Mrs. dubose character analysis: a surprisingly complicated character

See in the mind’s eye an onion, one with multiple layers more precisely. Peeling the skin and exposing the layers of the onion slowly working towards the core of it. Each second passing each layer is getting peeled off and then going into another layer and so on, much like getting to know a person. Mrs. Henry Lafayette Dubose is illustrated as a soul-sucking superannuated woman when the audience first catches a glimpse of her and her actions. However, as the novel proceeds the audience begins to unravel her layers and learns that though she may have a fiery demeanor, Mrs. Dubose is fighting and suffering to be beholden to nobody but is still, in a sign of her intolerance, grasping on to white tradition. Shifting the reader’s perspective of Mrs. Dubose from a heartless, aging, repulsive racist to a determined fighter, one may say getting to know Mrs. Dubose is like an onion, layered.

Though the saying ‘ sticks and stones may break my bones, but words will never hurt me’ implies that physical force can hurt a person but insults cannot, this was not the case with Mrs. Dubose. At times, Mrs. Dubose is depicted as a fire breathing dragon who holds on to old traditions where whites are superior to blacks and is not afraid to express her opinions to Jem and Scout. Due to this, the children have not only grown to fear her but to also despise her. “ Jem and I hated her. If she was on the porch when we passed, we would be raked by her wrathful gaze, subjected to ruthless interrogation…” (132) It is important to notice the children’s distaste of Mrs. Dubose is caused by the way she not only hurls insults at them, but her stare of disapproval as well which sends chills down their spines. As much as Jem and Scout loathe Mrs. Dubose, they know to respect their elders and thus do not retaliate and choose to ignore her. The children have been taught at a young age by Atticus to not retaliate back at Mrs. Dubose, especially Scout who is known to act on impulse.“ Don’t pay any attention to her, just hold your head high and be a gentleman.” To put it differently, Jem advises Scout to be the bigger person and to ignore the snide remarks that Mrs. Dubose throws as them. In spite of this, Jem is the one who turns a cold shoulder on his words when Mrs. Dubose makes a snide remark of his mother. Jem goes on a heated rampage and storms through Mrs. Dubose’s beloved flower garden, cutting off the tops of flowers with Scouts broken baton. He does so because even though Jem is young when his mother passed he still posses memories of her and can not handle the frenzy of emotions that swells in him when Mrs. Dubose talks about his mother. She states that there was no lady lovelier than their mother and it was a shame that Atticus let them run wild. Which can be interpreted that she was implying that their mother would never approve of the way they are acting. Little did he know that the punishment of his actions will not only help Mrs. Dubose fight her morphine addiction, but it will also help the audience better understand her as well.

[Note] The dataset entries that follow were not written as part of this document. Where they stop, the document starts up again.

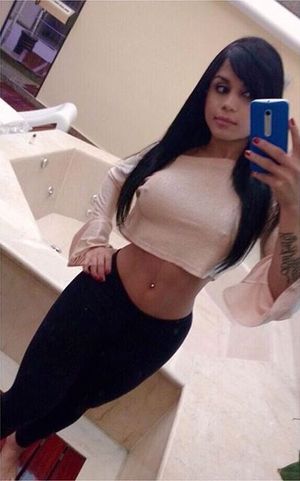 Brazilian Bruna Butterfly selfie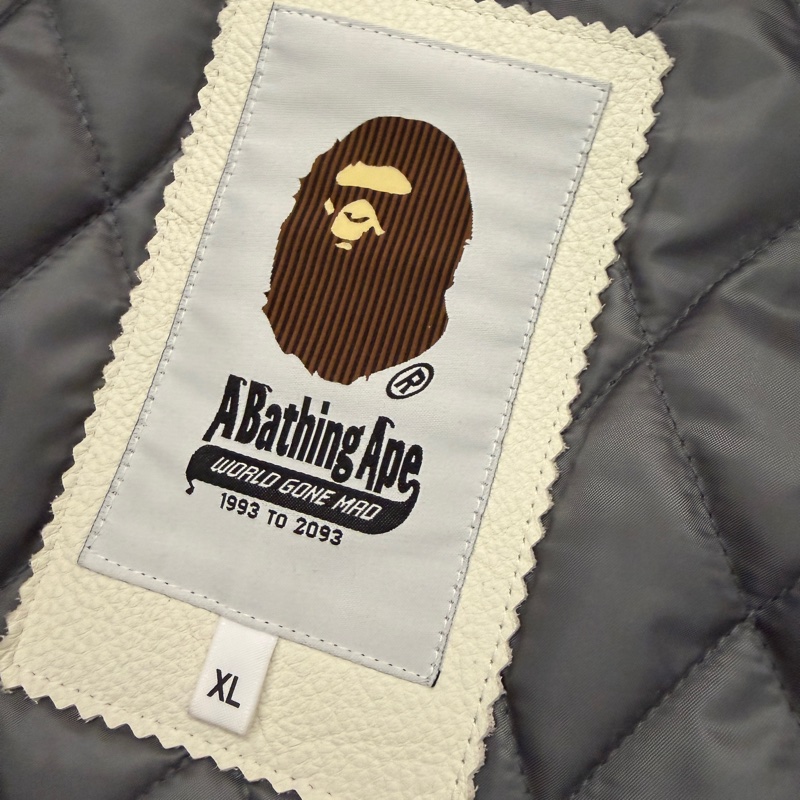 BAPE 棒球厚外套-4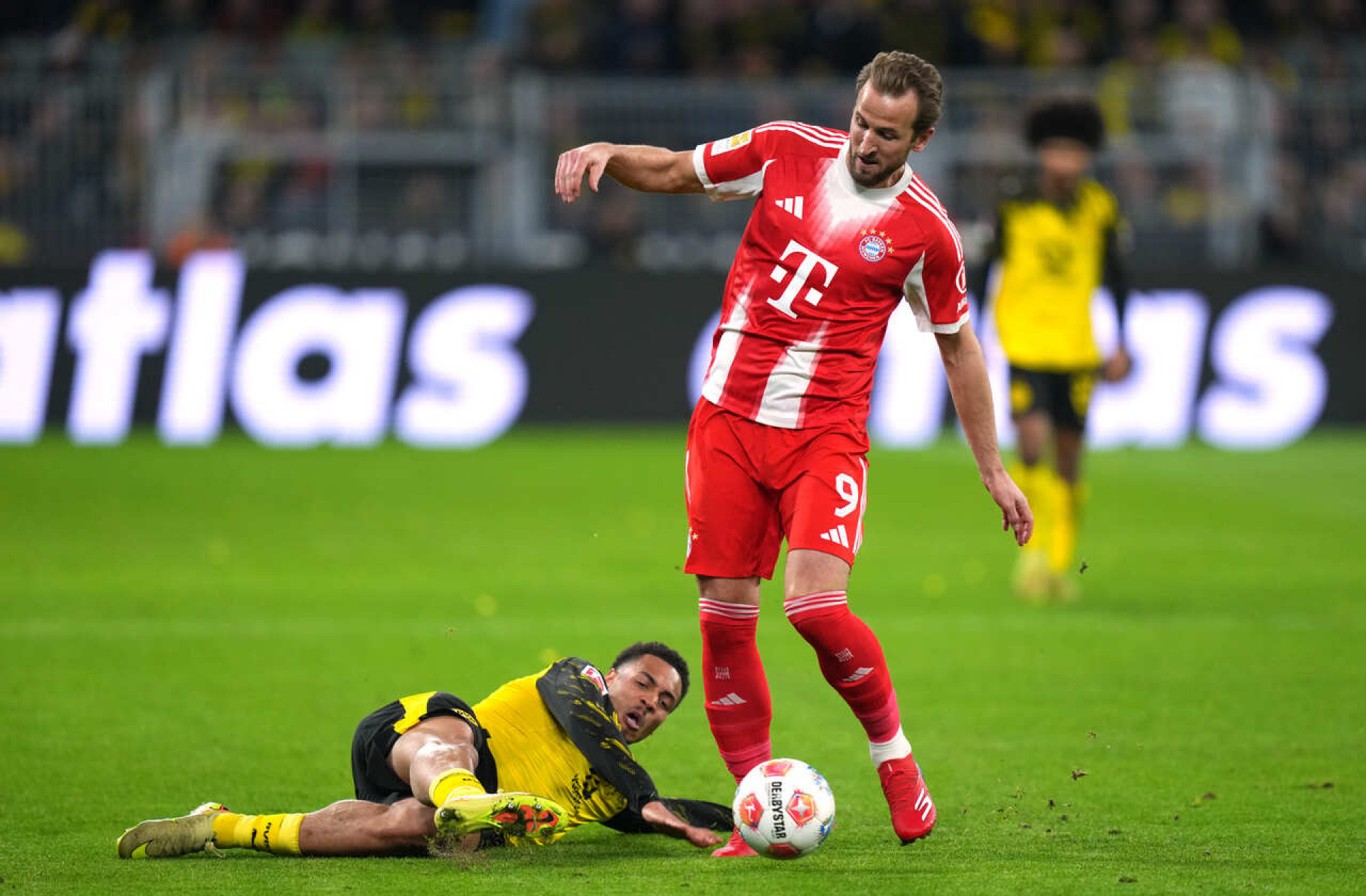 Bayern vence Dortmund e abre 11 pontos de vantagem na ponta do Alem&atilde;o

Under the conditions of reading to Mrs. Dubose for six out of the seven days of the week for two hours, the audience gets a glimpse of Mrs. Dubose’s life for the first time. Despite being an old hag, as Scout would describe her, the reader learns that she is having suspicious fits that later on leads to the revealing that Mrs. Dubose was a morphine addict and wants to pass away a free person who does not have to depend on morphine to function daily. Atticus tells the children, “ She said she was going to leave this world beholden to nobody.” For this reason, she is mean and vile as Jem and Scout would say. Mrs. Dubose is an old widow who was a struggling morphine addict, consequently people tend to avoid her which lead to her loneliness that made her a crabby person. Mrs. Dubose knew death is inching closer with every fit she had, how could she be happy and positive?

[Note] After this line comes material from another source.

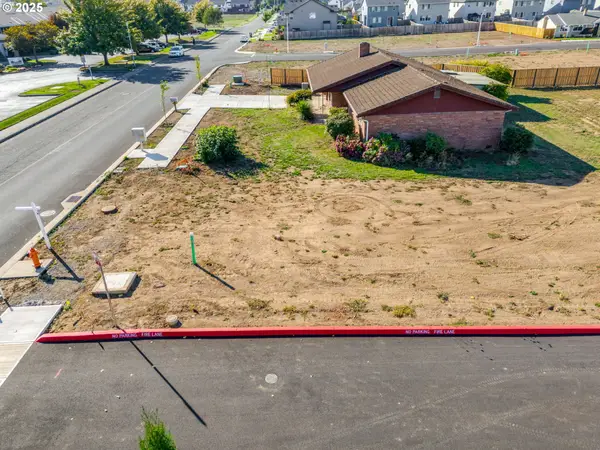 1491 S Fir St #18, Canby, OR 97013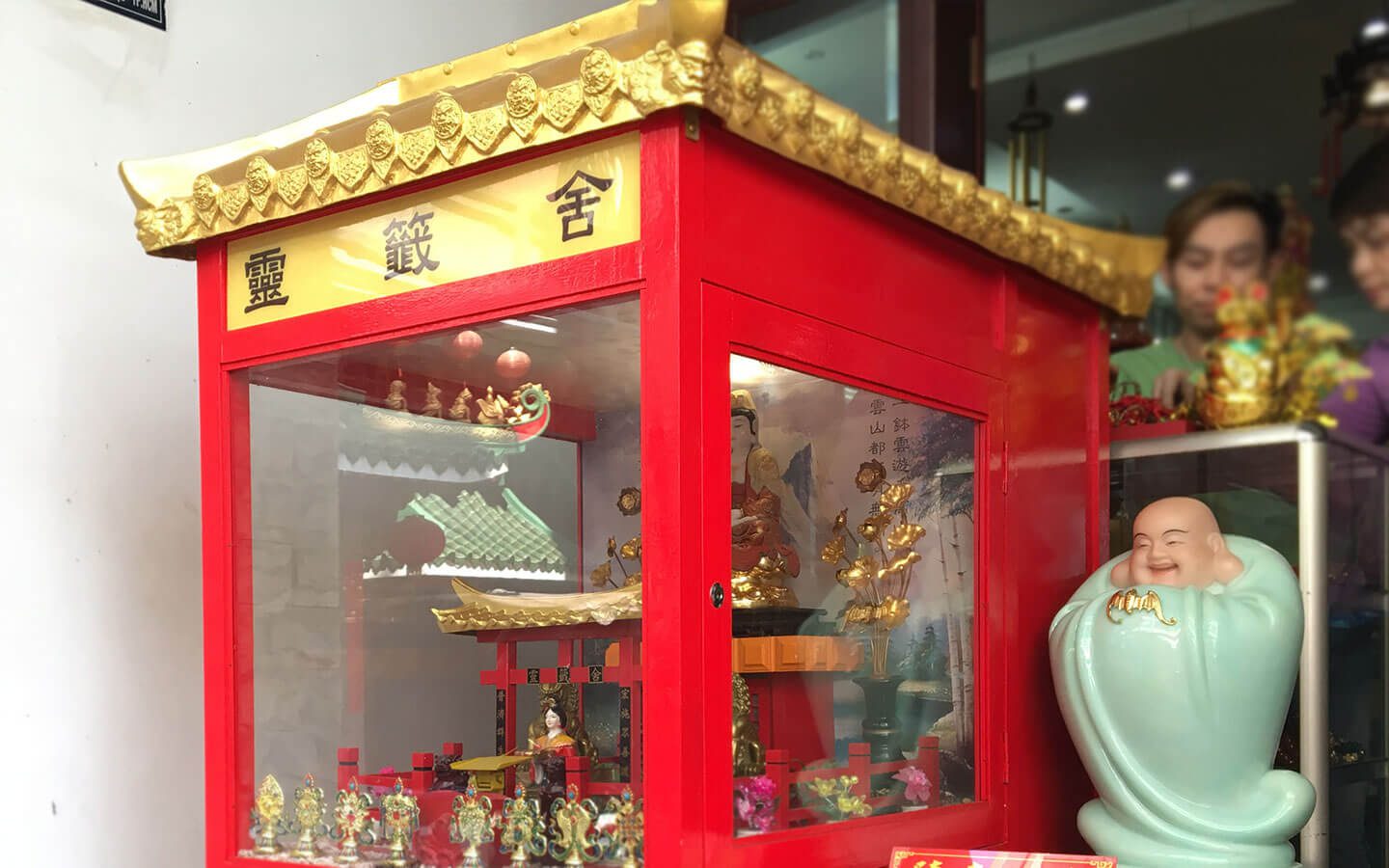 Chùa Vạn Phật quận 5 khám phá văn hóa xin xăm đến từ Trung Hoa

Although Jem is at Mrs. Dubose’s house because of punishment Scout is there to make sure that her brother would not be killed by Mrs. Dubose. Though at the end of their adventures they have had going to Mrs. Dubose’s house and reading to her, they both intake the situation differently. The audience learns that when Mrs. Dubose dies, she sends a white camellia top to Jem which represents longevity and purity in life, much of what Jem represents. By doing this the audience can conclude that sending this flower was Mrs. Dubose’s way of not only saying thank you, but also inferencing how the children did not know about her long morphine addiction, which then connects to their innocence and purity they hold. It connects to their innocence and purity because the children were too young to understand what a morphine addiction is and how it affects Mrs. Dubose. However, Jem because he is young did not make the connection, instead he thought the flower was “ meidling him from the grave”. However, Scout listens to Atticus when Mrs . Dubose dies and it broadens her understand of not only why Mrs. Dubose is the way she is, but also what real courage is. “ I wanted you to see what real courage is, instead of getting the idea that courage is a man with a gun in his hand. It’s when you know you’re licked before you begin but you begin anyway and you see it through no matter what. You rarely win, but sometimes you do.” This right here is what deeply impacts Scout’s understanding of people. That real courage is not gained by acting tough, but by pursuing a course to better yourself or society but is set on failure and that you never quit even when the toughest of obstacles stand in your way. Thus making this overall experience a life lesson for one of the Finches. In the final analysis, the audience learns more about Mrs. Dubose as the novel progresses. From starting as an old malicious lady next door, to learning that in reality, she is simply a courageous fighter who is battling her addictions, the audience learns that she has depth as a character even though she was only in one chapter. Though the audience sees the depth she carries as a character the reader may still have mixed feelings towards Mrs. Dubose.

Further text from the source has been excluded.